I was running vllm behind a route based proxy (traefik) and noticed that I could use the API without any token.

The problem seems to be because the API is still available on the default path /v1/.... and not just on /root_path/v1/.... but the key is only verified for root_path/v1/.... I was stripping the prefix, so I was hitting the /v1/... endpoint but needed to set the root path to be able to fetch the OpenAPI schema for swagger.

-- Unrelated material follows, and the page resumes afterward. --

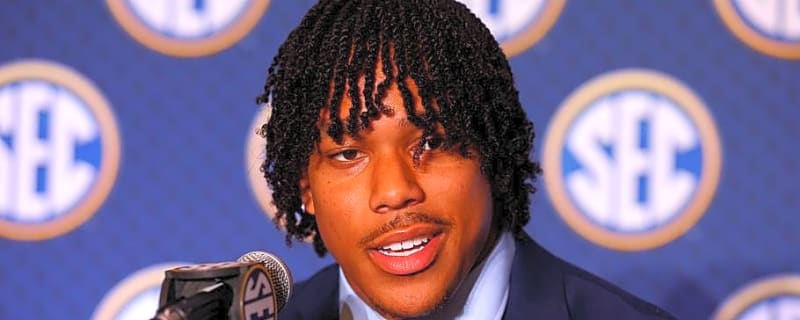 Byrum Brown Shares His Definition of a Successful Auburn Football Season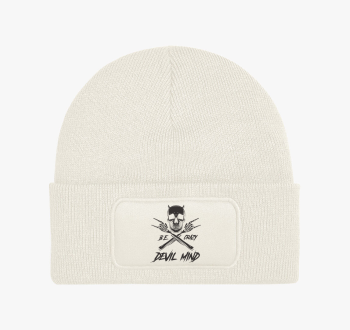 Devil mind téli sapk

I was running the vllm/vllm-openai:v0.6.4 image

Here is a minimal example that reproduces the bug:

services:
  vllm:
    image: vllm/vllm-openai:v0.6.4
    ports:
      - 8000:8000
    environment:
      VLLM_API_KEY: ${VLLM_API_KEY:-secret-key}
    volumes:
      - $HOME/.cache/huggingface:/root/.cache/huggingface
    networks:
      - internal
    command: 
      - "--model=meta-llama/Llama-3.1-70B-Instruct"
      - "--tensor-parallel-size=2"
      - "--gpu-memory-utilization=0.95"
      - "--disable_log_requests"
      - "--root-path=/llm"
    restart: always
    ipc: host
    deploy:
      resources:
        reservations:
          devices:
            - driver: nvidia
              count: all
              capabilities: [gpu]

Then the following request still works without authentication error

curl http://localhost:8000/v1/chat/completions \
    -H "Content-Type: application/json" \
    -d '{
        "model": "meta-llama/Llama-3.1-70B-Instruct",
        "messages": [
            {"role": "system", "content": "You are a helpful AI assistant"},
            {"role": "user", "content": "Hi"}
        ],
        "max_tokens": 10
    }'

Sending a request to localhost:8000/llm/v1/chat/completions works as expected

I've checked the source code and the issue seems to stem from the authentication middleware in vllm/entrypoints/openai/api_server.py:481

            if not request.url.path.startswith(f"{root_path}/v1"):
                return await call_next(request)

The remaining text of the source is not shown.